The eight downgraded banks are Andhra Bank , Bank of Baroda , Bank of India , Canara Bank , Central Bank of India , Corporation Bank , Dena Bank and IDBI Bank .
“These actions are driven by the expectation that the asset quality problems being faced by PSBs will remain acute and continue through most of the next fiscal. The resultant impact on profitability and capitalisation can further dent the credit profiles over the medium term,” Crisil said in a press release.
The ratings agency expects weak assets to rise to Rs 7.1 lakh crore by March 2017 from Rs 4 lakh crore on March 2015. It also said, weak assets will rise to 11.3 percent of total loan book by March 2017 from 7.2 percent in March 2015.
Crisil also believes slippages to NPAs is likely to remain high driven by stretched cash flows of highly-leveraged corporates.

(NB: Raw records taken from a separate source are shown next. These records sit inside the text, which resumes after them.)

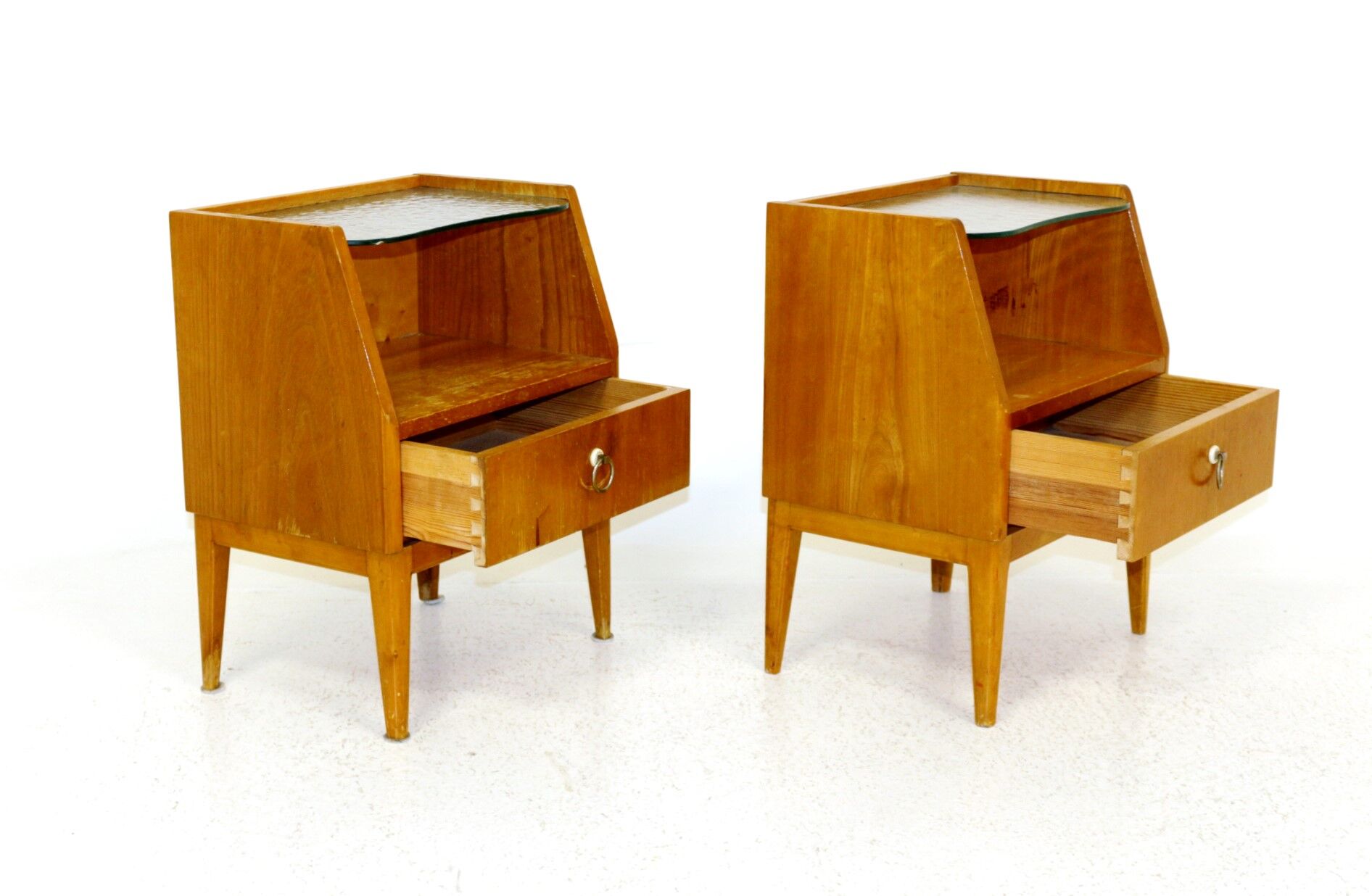 Pair of Swedish bedsides in elm and glass, Sweden, 1940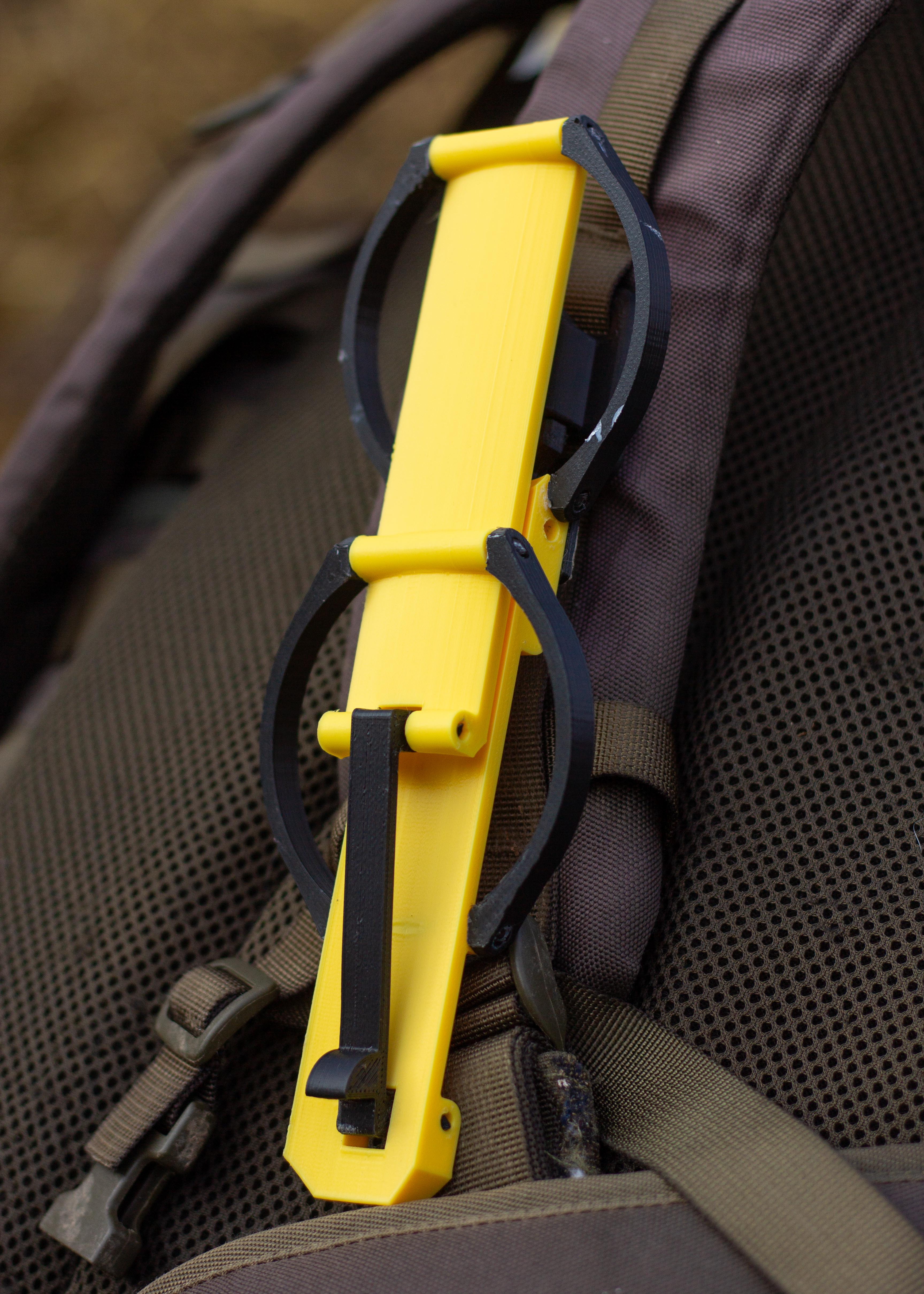 Miniatura 3 do modelo 3D Foldable can holder for backpack strap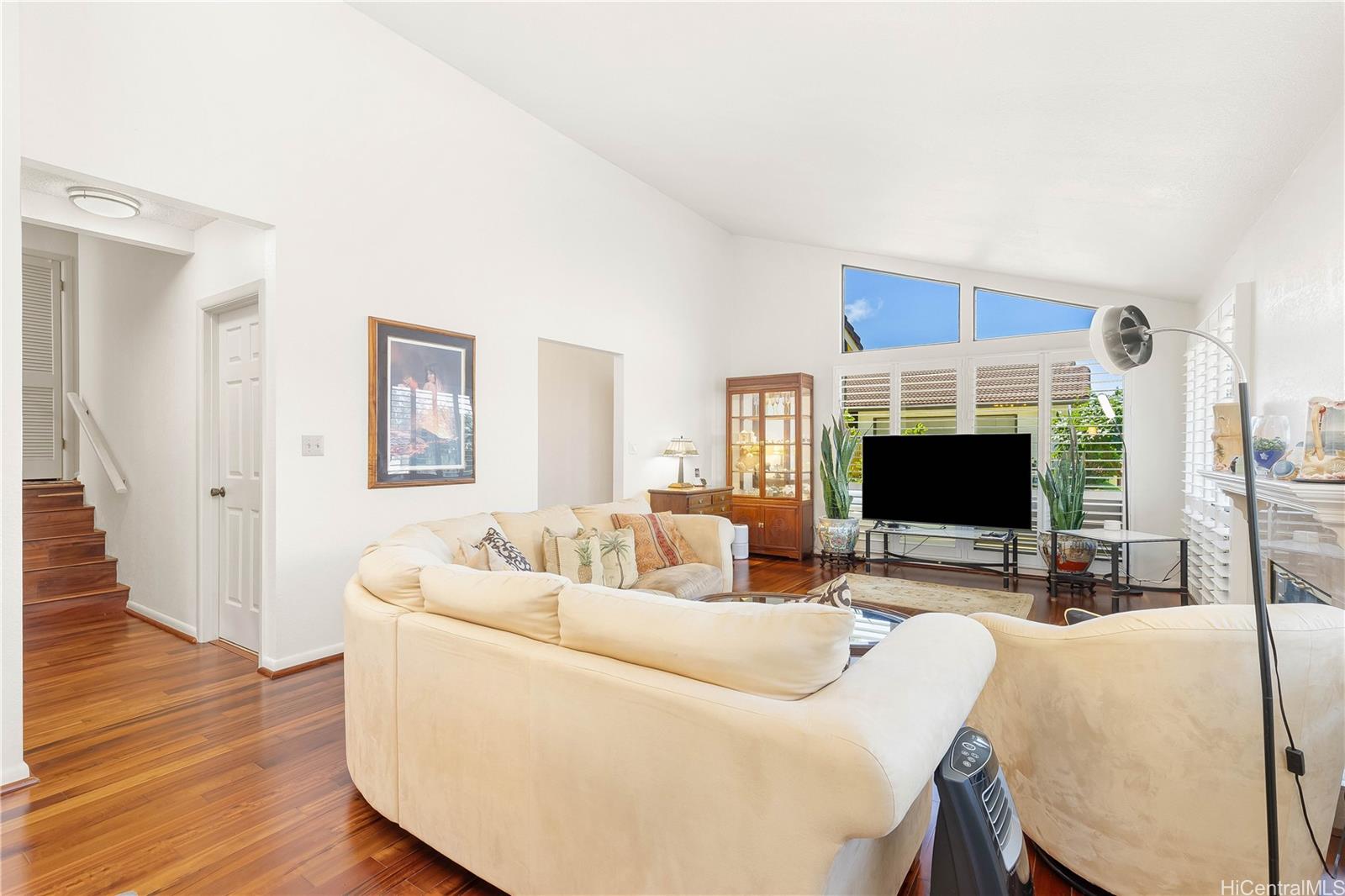 98-1421 Onikiniki Place, Unit 5 Aiea, HI 96701 - Photo 4 of 25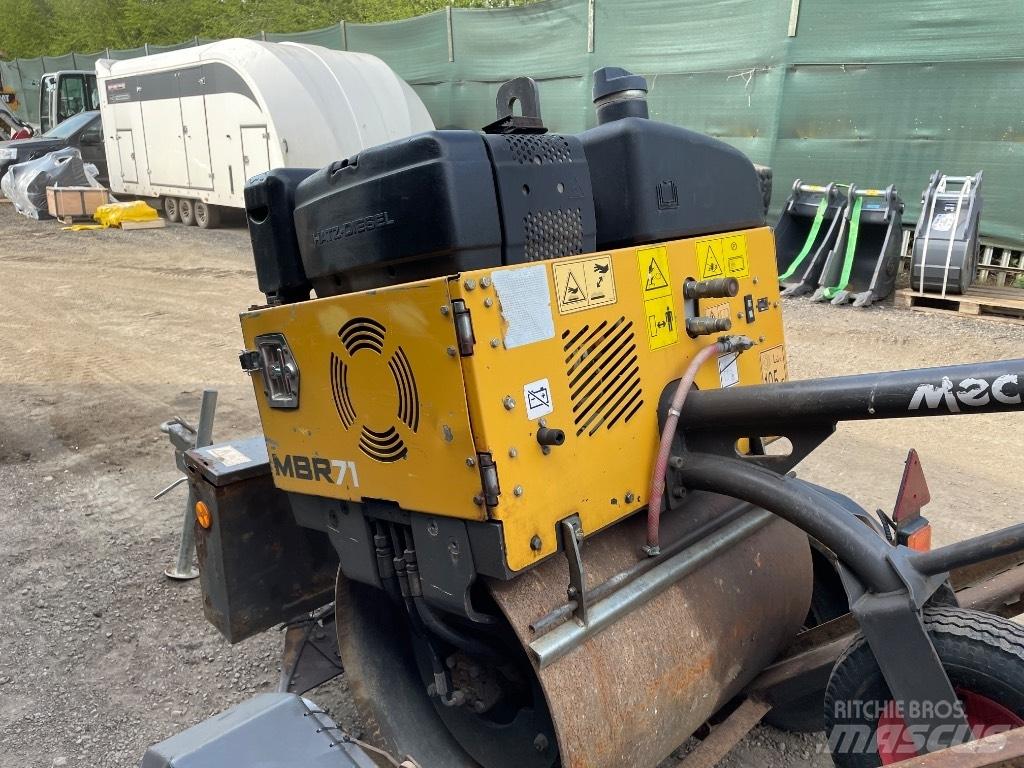 Mecalac MBR 71 Enkelt tromle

It added that the earnings profile of most PSBs has deteriorated with many expected to report a full-year net loss this fiscal. “With the banking system having to migrate to the marginal cost of funds-based lending rate, or MCLR, regime from April 1, 2016, and the proportion of zero income-generating bad assets in the loan book of PSBs rising, net interest margin will come under fresh pressure in the near-term. This, coupled with loan loss provisioning at a number of PSBs surpassing pre-provisioning profit, due to increased slippages and a rising inventory of ageing NPAs, could result in many PSBs reporting a loss even for the next fiscal,” Crisil further explained.
Lastly, the ratings agency also said that despite relaxation of capital regulations by the Reserve Bank, government support will not be enough and capital raising through non-government route will be a challenge for PSBs due to weak financial performance and low valuations.